Logo Polskiego Radia
POSŁUCHAJ
polskieradio.pl
Agnieszka Kamińska 18.03.2013

Rosyjski biznes w panice, Putin krytykuje Cypr

Według niedokładnych szacunków Rosjanie mogą stracić w wyniku podatku nałożonego na depozyty nawet 1,5-2 mld euro – alarmują media rosyjskie.
Cypryjczycy po informacji o opodatkowaniu depozytów ruszyli do bankomatów, wypłacać pieniądzeCypryjczycy po informacji o opodatkowaniu depozytów ruszyli do bankomatów, wypłacać pieniądzePAP/EPA
Posłuchaj
  • Putin zwołał naradę w związku z sytuacją na Cyprze: relacja Macieja Jastrzębskiego z Moskwy (IAR)
Czytaj także

Cypr zamierza obłożyć podatkiem w wysokości do 9,9 procenta depozyty bankowe, by móc uzyskać pomoc ze strony Unii Europejskiej. Decyzję w tej sprawie ma podjąć w poniedziałek parlament Cypru.

Prasa rosyjska przytacza listopadowy artykuł niemieckiej gazety „Der Spiegel” według której w bankach cypryjskich Rosjanie mogli trzymać 26 mld dolarów, a dla porównania, PKB Cypru wynosi 17 mld dolarów. Są i inne szacunki.Agencja Moody’s twierdzi, że 12 mld dolarów na Cyprze mają banki, a19 mld dolarów to depozyty rosyjskich przedsiębiorców.

Na razie nie pojawiły się informacje o możliwych stratach ze strony władz Rosji..Według rzecznika Dmitrija Pieskowa prezydent Władimir Putin rano odbył naradę z przedstawicielami rządu i doradcami, a potem powiedział, że gdyby prawo o depozytach weszło w życie, byłoby „niesprawiedliwe, nieprofesjonalne i niebezpieczne”. Siergiej Szatałow, wiceminister finansów Rosji stwierdził, że są i możliwe i inne warianty rozwiązań problemu na Cyprze, na przykład wprowadzenie podatku od odsetek. Stwierdził też, że Cypr wybrał wariant najłagodniejszy z możliwych dla niego, przykładowo w porównaniu z zamrożeniem rachunków w ogóle.

Szef jednego z banków Andirej Diegtiajew powiedział portalowi RBK Daily, że to byłoby wywłaszczenie. Sądzi, że Cypr straci funkcję centrum finansowego, a z usług finansowych wyspa się utrzymywała. Inny inwestor powiedział portalowi, że jego przyjaciele zaraz zamkną swoje konta, kiedy tylko banki będą otwarte. – Niektórzy mają na koncie 100 mln euro, z tego 10 mln euro może być stracone – opowiadał anonimowy rozmówca.

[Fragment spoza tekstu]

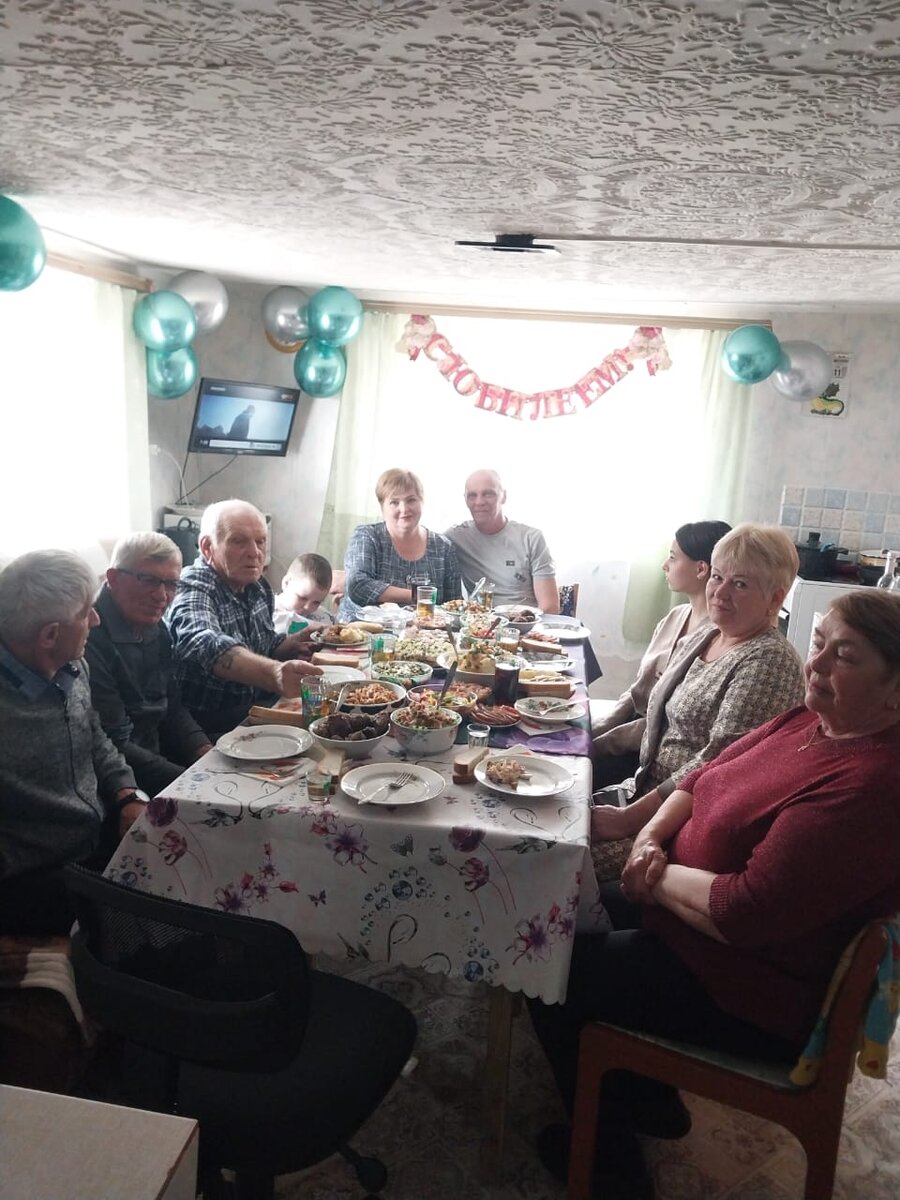 Все родные на юбилее сестры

Według różnych źródeł, sprawa cyrpyjska jest jednym z głównych tematów rozmów inwestorów od soboty, a potencjalni poszkodowani podchodzą do sprawy bardzo emocjonalnie.

Na razie wiadomo, że banki pozostaną zamknięte przynajmniej do środy. Bankomaty działają normalnie.

Być może sprawa depozytów wyjaśni się 18 marca w drugiej połowie dnia, parlament ma debatować i podjąć decyzję w sprawie depozytów.